In the end the like for like is silly as there is no natural example of this nor is it desirable. What clubs and the authorities should be looking for is a long term (i.e. 100 year+) general plan for the maintenance of the trees/bushes which is assessed on a rolling basis in respect to the yearly work done. If you fell a 100 year old tree then it might be replaced by 3 saplings though not necessarily in the same place and probably 2 of these 3 will be thinned out in the first few decades.


It is the overall picture that is important not the details.


Jon

Lou_Duran

  • Karma: +0/-0
Jon,

Talk about unintended consequences, as Dallas was passing its tree ordinance and other cities in the area were in the process of following suit, numerous large owners of commercial tracts clear-cut their properties preemptively.  Mind you that specimen trees- pecans and oaks primarily- add great value to the land, especially residential lots, and developers in the past took great care to save some of those as they completed the site work and construction.  Post tree ordinance, it became much cheaper to go back and include new trees as part of the landscape plan, most which were of the cheap, fast-growing/dying, crappy variety (Bradford Pear, swamp cypress, cedar elm, poplar, etc.).

I've read that the U.S. has more treed acreage today than it did at the time of the founding.  Most tree ordinances are more tax policy than conservation/ecology.  I would bet that if someone would audit the city's revenues for tree replacement against actual trees planted, that a very large variance would be found.  Like the gasoline tax here, those revenues fund numerous other things than advertised.

Jerry Kluger

  • Karma: +0/-0
I lived near Congressional for more than 30 years and I am very familiar with the courses in the area as well as the policies of the local government.  I believe the history of Congressional includes its use as a military facility during WWII.  After the war up to the 1970s it was common for parkland courses in that area to plant hundreds and hundreds of trees with the purpose to create visual hole separation.  Most of those trees were cheap pines that had a limited life expectancy and were really ugly. 

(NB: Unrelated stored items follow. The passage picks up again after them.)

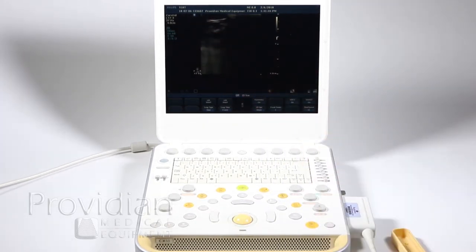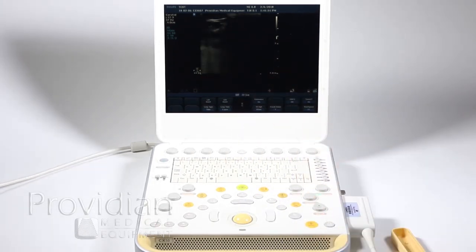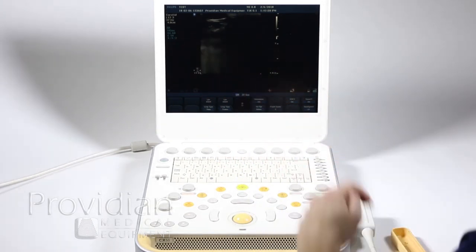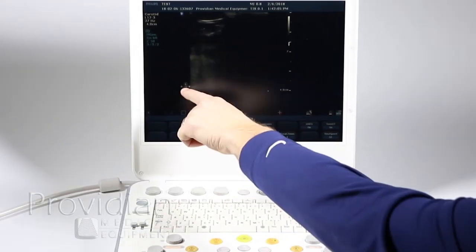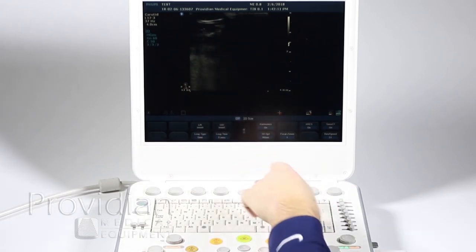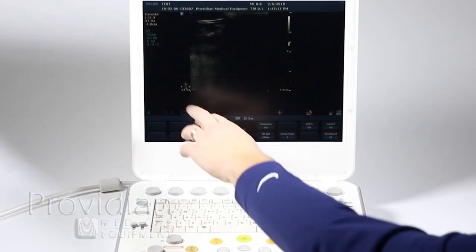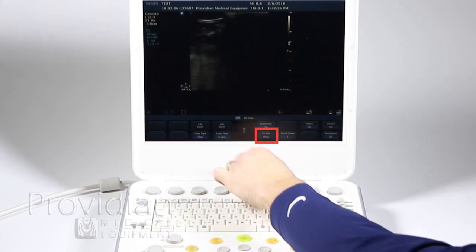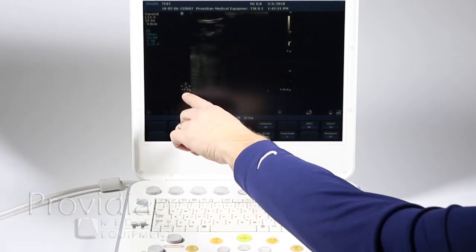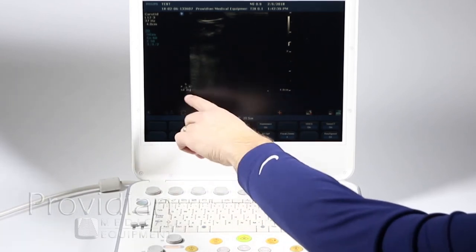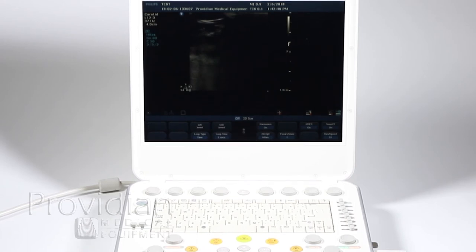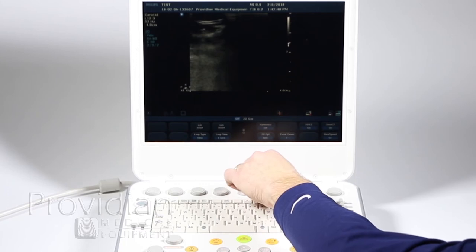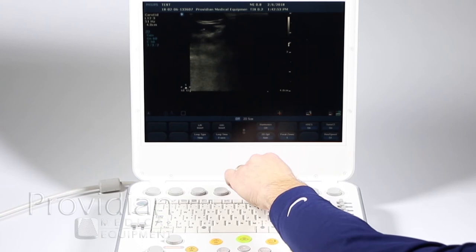Up here it tells you what you're looking at: carotid, the probe is the L12-3, 37 hertz is your frame rate, and the depth is four centimeters as shown by the depth markers. You have H-gen — that is your harmonics imaging at the general setting. That refers to the triangle with P, G, and R: P is penetration, G is general, and R is resolution. The numbers show the frequency ranges — for penetration it uses a lower set of frequencies, 4 to 8 MHz; for G it's 4.4 to 8 MHz; and for H-res it's 5 to 10 MHz, showing the range of frequencies used with tissue harmonics. If you turn harmonics off, it gives you specific frequencies for penetration, general, and resolution.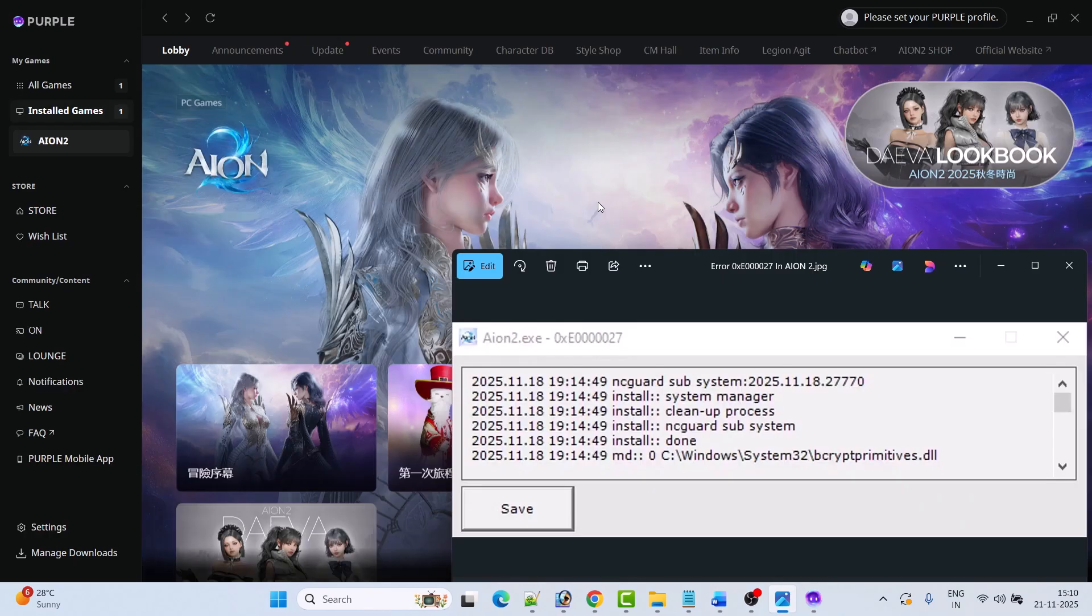So I hope by following these steps you can easily solve error code 0xe0000027 in Ion 2 game on PC.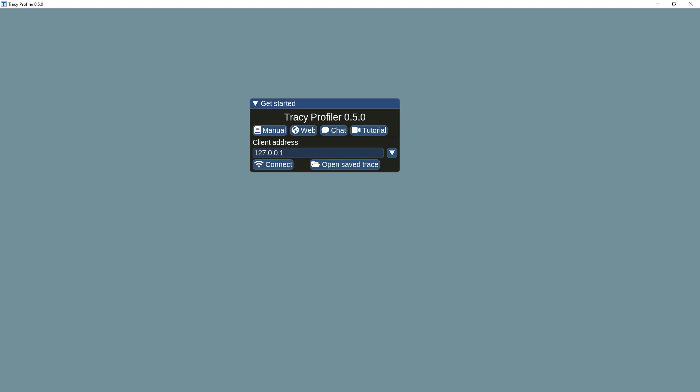A new version of Tracy Profiler is now available. This release mainly focuses on optimizations, compatibility improvements, and general polish of the user experience.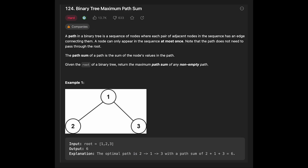Today we are going to solve the LeetCode question Binary Tree Maximum Path Sum. A path in a binary tree is a sequence of nodes where each pair of adjacent nodes has an edge connecting them. A node can only appear in the sequence at most once. The path does not need to pass through the root. The path sum is the sum of node values in the path. Given the root of a binary tree, return the maximum path sum of any non-empty path. In this example, the maximum path sum is six.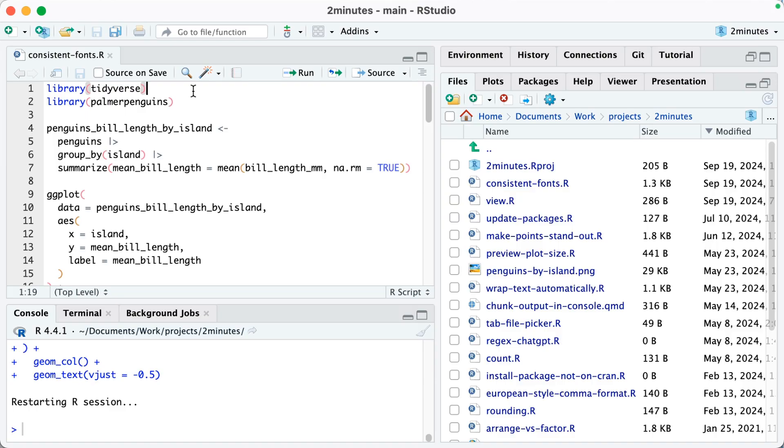One thing that really helps to improve data visualizations is to use consistent fonts. Here are a couple ways that you can easily do this within ggplot. To show you how to do this, I'm going to load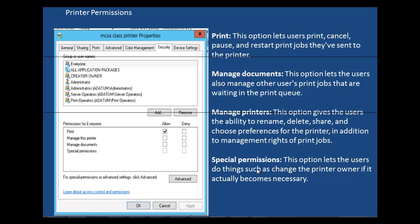Then you have special permissions. If you choose this permission, the user will be able to do things such as change the printer owner if it becomes necessary to do so. Let us take a look at how we would actually carry out the task of setting permissions on a printer.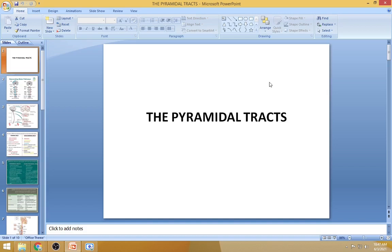Today we have discussed pyramidal tracts. In the earlier part of the lecture, extrapyramidal tracts were introduced, but this class focused only on the pathway of the pyramidal tracts. For the next class, we will look at the pathways of the different extrapyramidal tracts. You have listened to this lecture — go back, read your textbook while it is still fresh in your mind, and it will stay registered in your brain.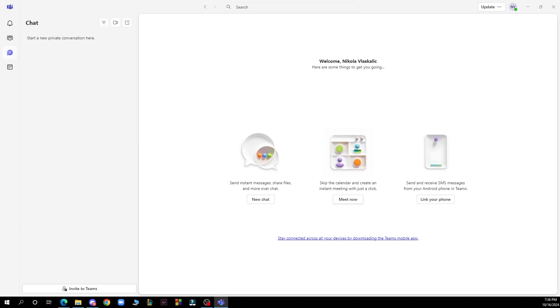Hello and welcome back to this channel where today I'll be showing you how to change the Microsoft Teams ringtone.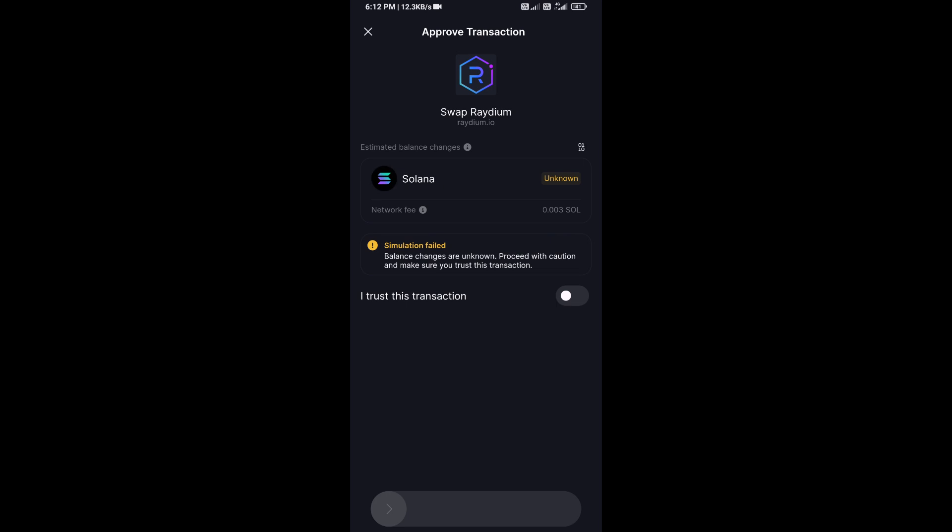Then you will receive this token successfully on Solflare wallet. So guys, I have only shared technical process, not financial advice. Thanks for watching.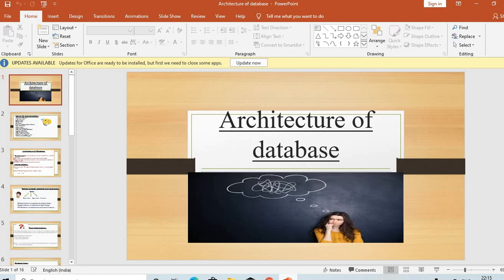Before going to the topic of architecture of database, we will study what is data and what is database. I'm not making slides on this, so if you are using a pen and notebook you can write it down. So, what is data? Data is defined as the collection of raw facts and meaningless information. But if we process the data, then only data is converted into meaningful information.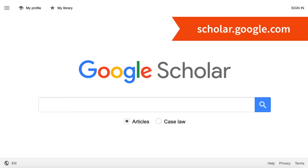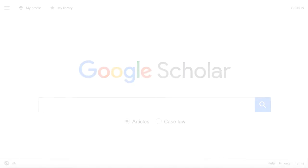Google Scholar is one of the most comprehensive indexes of research articles and scholarly books. You may have noticed that there aren't as many search options, but it has some helpful tools to save time and expand your literature search.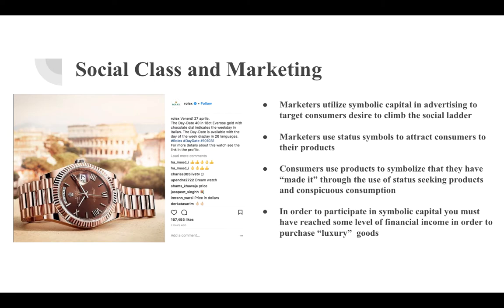Marketers use symbolic capital in advertising to target consumers' desire to move up the social ladder. Symbolic capital is divided into three aspects: cultural, economic, and social capital. Cultural capital is what you know, economic capital is what you have, and social capital is who you know.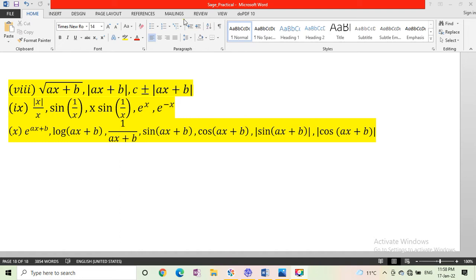In this video, we draw the graph of sine ax plus b, cos ax plus b, absolute value of sine ax plus b, and absolute value of cos ax plus b.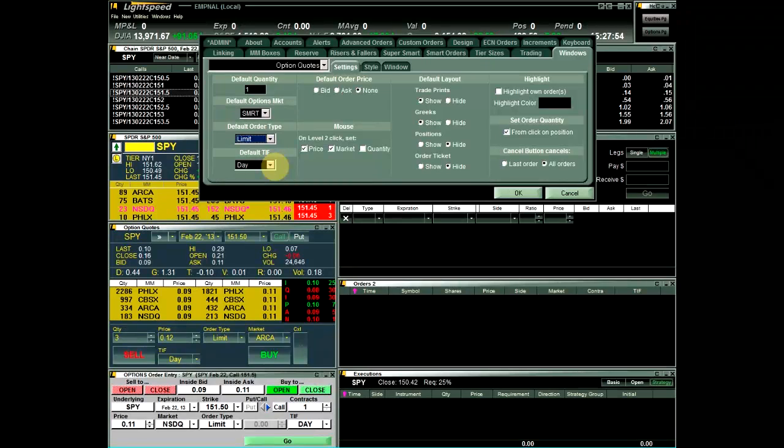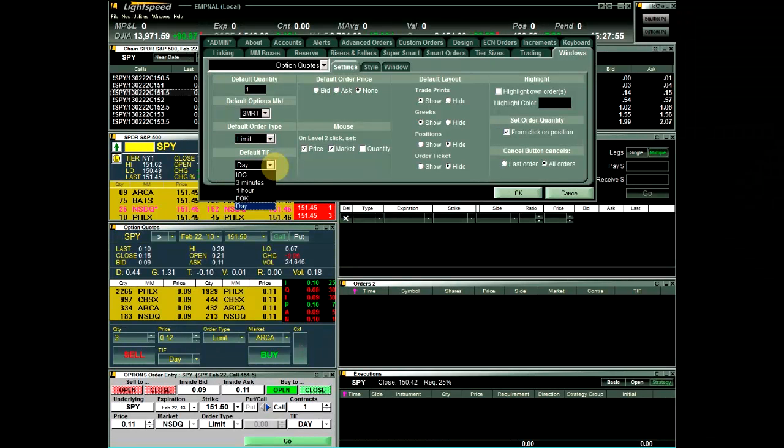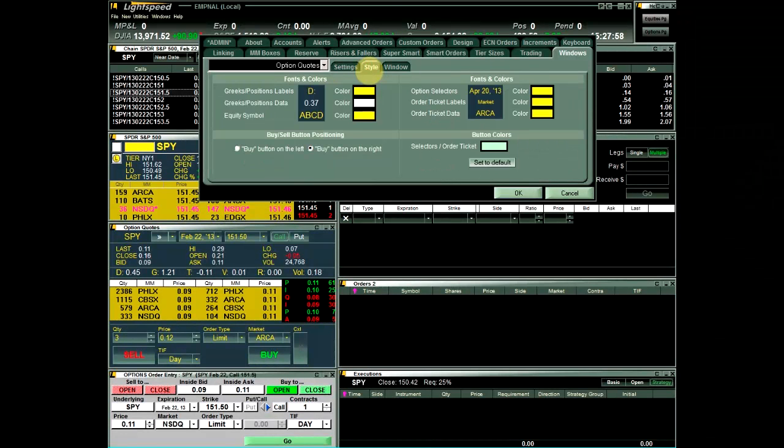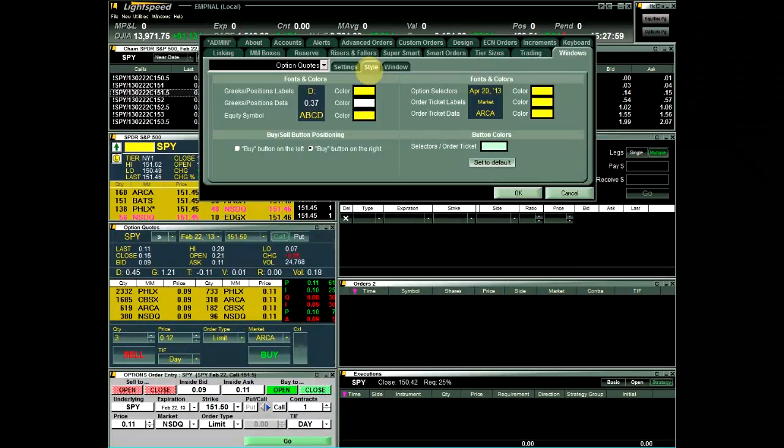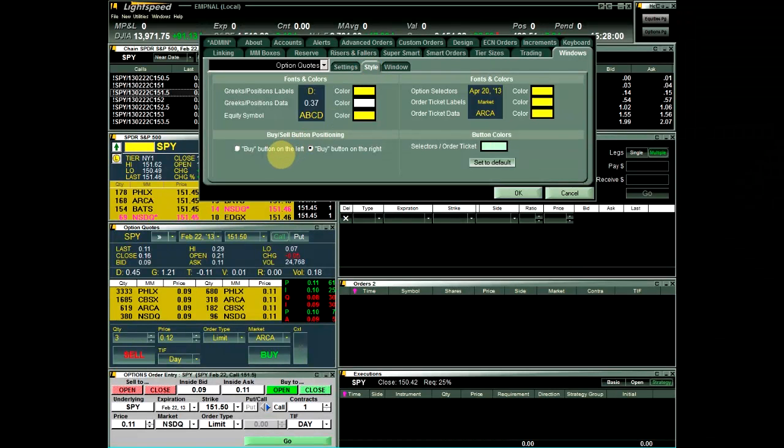The Style sub-tab offers the ability for you to customize fonts and colors and the locations of the Buy and Sell buttons within the order ticket.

I was a member at course that was about 10 miles from Congressional which had 2 courses.  The owners sold the club to a housing developer and it was planned that houses would be built around a new course.  The architects submitted a plan for the course and they were told that holes could not include shots that required going over a stream that ran through the course.  They did allow for the removal of hundreds of trees to build the course and the houses.   The architects could not come up with a plan to deal with the stream issue so the developer decided not to build a new course and just built more houses.  I guess asphalt, water runoff from houses, etc. were preferred.


I don't know how many of you are familiar with Montgomery County, Maryland but it is one of the highest income counties in the country and there is so much building going on - and incidental removal of trees - that to challenge Congressional for their tree removal is absurd.